Start of Block

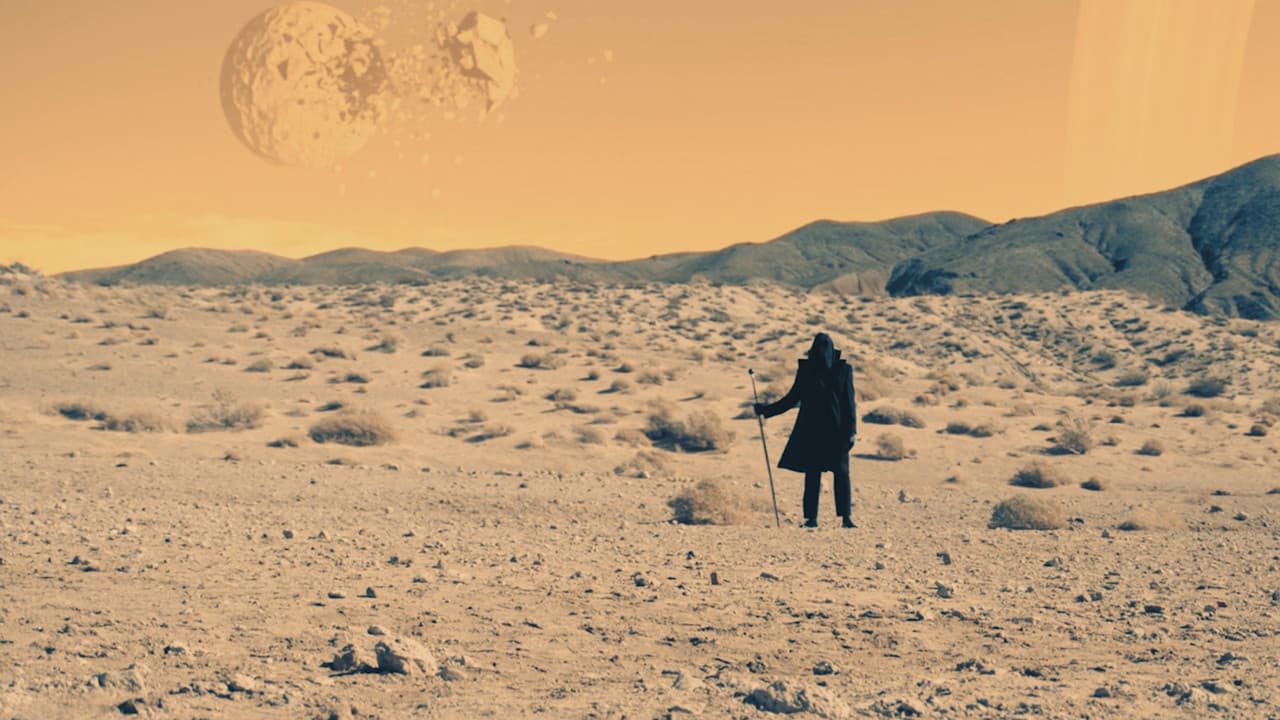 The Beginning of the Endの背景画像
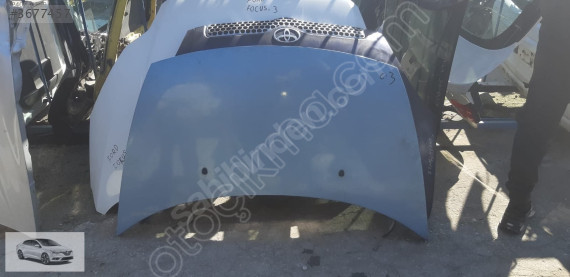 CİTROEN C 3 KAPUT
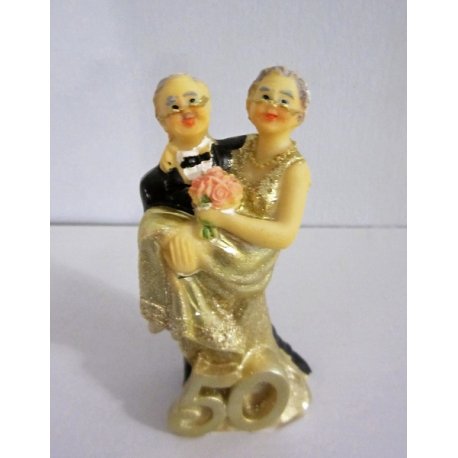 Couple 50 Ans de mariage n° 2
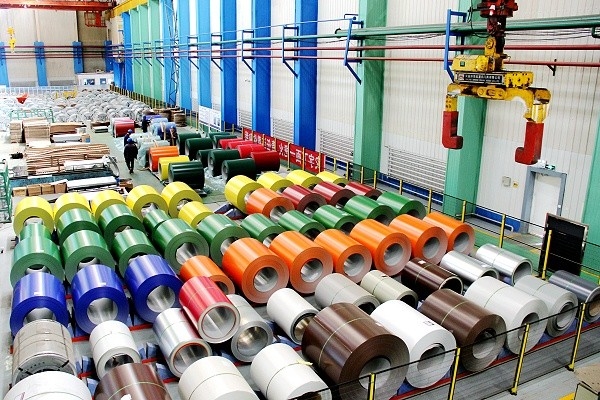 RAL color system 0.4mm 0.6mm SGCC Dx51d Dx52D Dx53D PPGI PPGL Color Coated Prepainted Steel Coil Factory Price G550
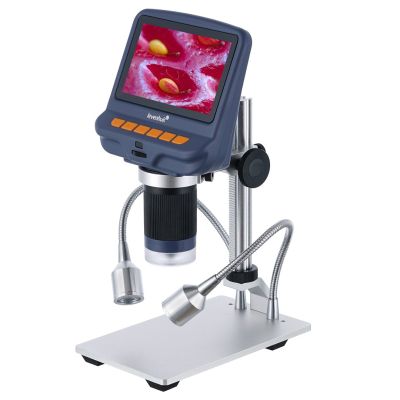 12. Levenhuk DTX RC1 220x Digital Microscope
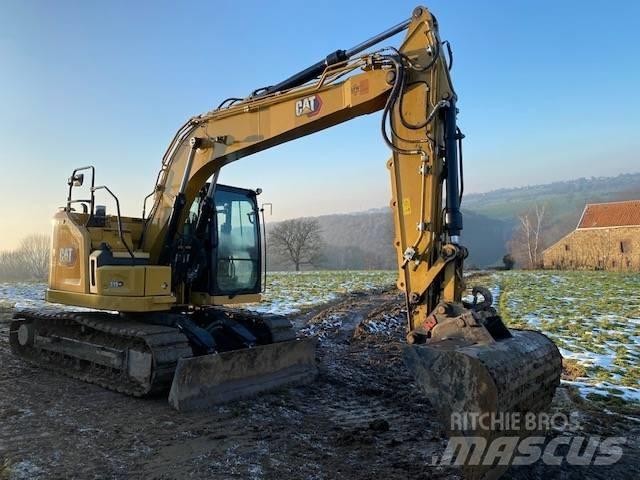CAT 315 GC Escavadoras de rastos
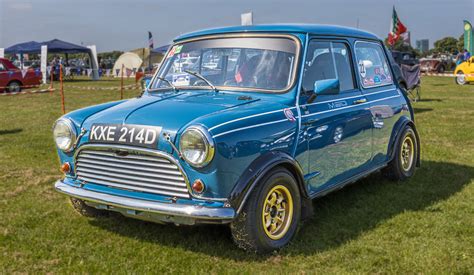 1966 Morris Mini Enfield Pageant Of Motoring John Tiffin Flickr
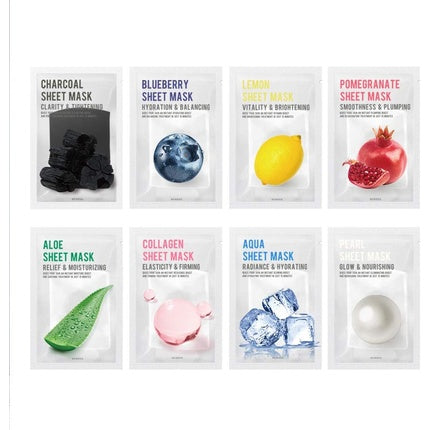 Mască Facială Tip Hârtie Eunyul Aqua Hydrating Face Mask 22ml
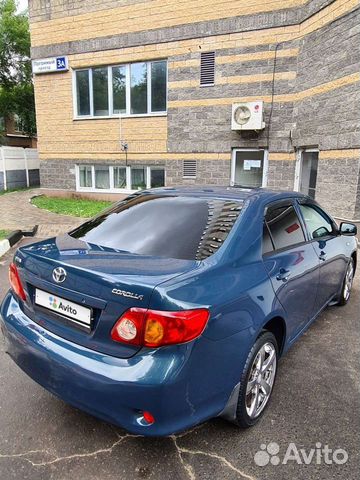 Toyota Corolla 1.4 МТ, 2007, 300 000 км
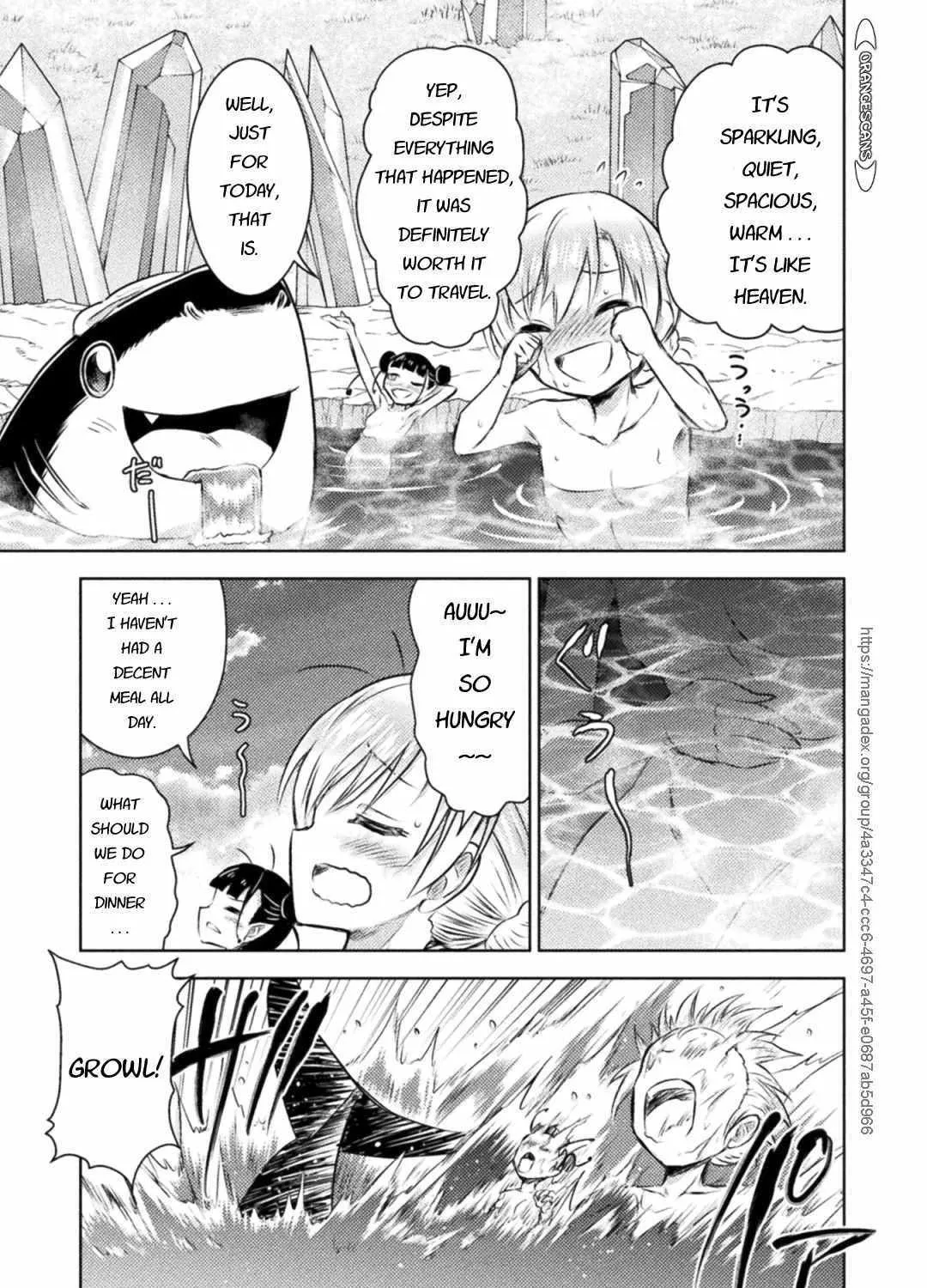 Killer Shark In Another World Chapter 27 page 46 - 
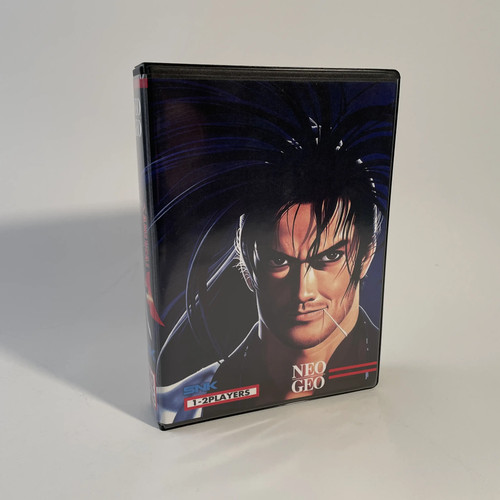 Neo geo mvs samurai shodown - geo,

End of Block

** Work order **
Your task is to repeat only the lines from the line containing "12. Levenhuk DTX RC1 220x Digital Microscope" through the final line of the material, inclusive; do not include pictures.

** Answer space **
 12. Levenhuk DTX RC1 220x Digital Microscope
CAT 315 GC Escavadoras de rastos
 1966 Morris Mini Enfield Pageant Of Motoring John Tiffin Flickr
 Mască Facială Tip Hârtie Eunyul Aqua Hydrating Face Mask 22ml
 Toyota Corolla 1.4 МТ, 2007, 300 000 км
 Killer Shark In Another World Chapter 27 page 46 - 
 Neo geo mvs samurai shodown - geo,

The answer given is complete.